Will have to wait for a good hot AZ summer day to really test it out! :thumbup:
Again, a HUGE thank you to "newthings" for all his help on this and helping me bring this to a reality :thumbup::thanx:
*********************************************
http://i1099.photobucket.com/albums/g386/photokat4/VX%20RADIATOR%20PROJECT/DSC_2147.jpg
http://i1099.photobucket.com/albums/g386/photokat4/VX%20RADIATOR%20PROJECT/DSC_2152.jpg
http://i1099.photobucket.com/albums/g386/photokat4/VX%20RADIATOR%20PROJECT/DSC_2783.jpg
http://i1099.photobucket.com/albums/g386/photokat4/VX%20RADIATOR%20PROJECT/DSC_2777.jpg
http://i1099.photobucket.com/albums/g386/photokat4/VX%20RADIATOR%20PROJECT/DSC_2778.jpg
http://i1099.photobucket.com/albums/g386/photokat4/VX%20RADIATOR%20PROJECT/DSC_2778-1.jpg
http://i1099.photobucket.com/albums/g386/photokat4/VX%20RADIATOR%20PROJECT/DSC_2775.jpg
http://i1099.photobucket.com/albums/g386/photokat4/VX%20RADIATOR%20PROJECT/DSC_2769.jpg
http://i1099.photobucket.com/albums/g386/photokat4/VX%20RADIATOR%20PROJECT/DSC_2779-1.jpg
http://i1099.photobucket.com/albums/g386/photokat4/VX%20RADIATOR%20PROJECT/DSC_2793.jpg
http://i1099.photobucket.com/albums/g386/photokat4/VX%20RADIATOR%20PROJECT/DSC_2786.jpg
http://i1099.photobucket.com/albums/g386/photokat4/VX%20RADIATOR%20PROJECT/DSC_2773.jpg
johnnyapollo
12/02/2011, 04:09 AM
Hey Kat, very nice but I don't like the way your guy cut the shroud. I know removing it completely decreases cooling capability but I wonder how much you lose with that hole up there? Maybe you can fab up a cover for the hole that the blades won't hit?
-- John
tom4bren
12/02/2011, 07:34 AM
I saw it the other day. I don't think that hole will cause any appreciable decrease in airflow through the radiator. If she fixes it, it will only be for aesthetics. I gave her some cladding material that she could use to cover the hole though.
WormGod
12/02/2011, 08:06 AM
Are these going to be readily available or built to order? Or, is it just a one-off?

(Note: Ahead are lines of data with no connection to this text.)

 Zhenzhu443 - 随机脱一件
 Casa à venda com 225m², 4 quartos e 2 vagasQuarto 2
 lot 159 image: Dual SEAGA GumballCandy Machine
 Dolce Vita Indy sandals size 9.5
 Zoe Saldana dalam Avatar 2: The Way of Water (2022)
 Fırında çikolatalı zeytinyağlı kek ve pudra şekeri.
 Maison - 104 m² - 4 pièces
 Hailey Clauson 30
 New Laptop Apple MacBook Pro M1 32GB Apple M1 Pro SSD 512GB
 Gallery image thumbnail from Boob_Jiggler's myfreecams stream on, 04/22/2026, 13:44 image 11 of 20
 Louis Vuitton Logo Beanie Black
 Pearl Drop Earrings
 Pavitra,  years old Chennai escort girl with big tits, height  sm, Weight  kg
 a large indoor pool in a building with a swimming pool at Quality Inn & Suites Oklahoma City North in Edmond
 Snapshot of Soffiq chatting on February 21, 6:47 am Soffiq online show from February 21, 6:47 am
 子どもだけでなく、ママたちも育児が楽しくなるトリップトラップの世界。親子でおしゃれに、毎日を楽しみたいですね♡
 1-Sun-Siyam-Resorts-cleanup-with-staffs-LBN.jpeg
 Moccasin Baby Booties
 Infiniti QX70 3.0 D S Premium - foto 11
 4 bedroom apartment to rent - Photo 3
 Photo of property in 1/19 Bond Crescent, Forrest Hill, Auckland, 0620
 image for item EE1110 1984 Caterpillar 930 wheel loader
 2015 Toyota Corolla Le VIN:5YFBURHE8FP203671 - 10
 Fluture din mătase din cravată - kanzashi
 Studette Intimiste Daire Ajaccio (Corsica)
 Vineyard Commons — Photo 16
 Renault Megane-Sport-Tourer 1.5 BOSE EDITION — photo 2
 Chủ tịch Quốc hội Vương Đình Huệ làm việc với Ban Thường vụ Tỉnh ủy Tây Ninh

What's the weight comparison to the OEM or aftermarket equivalent? (I have some GM model since my old one went POP but it's the same really) Anywhere I can shave weight, I am a happy camper.
Have to agree though, that shroud needs some TLC. Also curious, since the shroud has been slightly relocated, I wonder if this would affect the S/C belt. Highly doubt it, but just thinking out loud.
newthings
12/02/2011, 01:39 PM
Hi Gary,
I have not put on the stock shroud. My rad was made for a Davis electric
dual fan shroud and the mounting points are not the same as stock. New unit will look like Sue's. I can get away with a lot of fan flow loss in my climate, but I am still thinking about using the stock plastic route for safety. I removed the stock fan and found my electric fans hit the S/C belt, so it's back to the stock shroud with some cut outs for the top as well as other locations to clear the S/C belt. My rad did not have the notch for the stock hold down.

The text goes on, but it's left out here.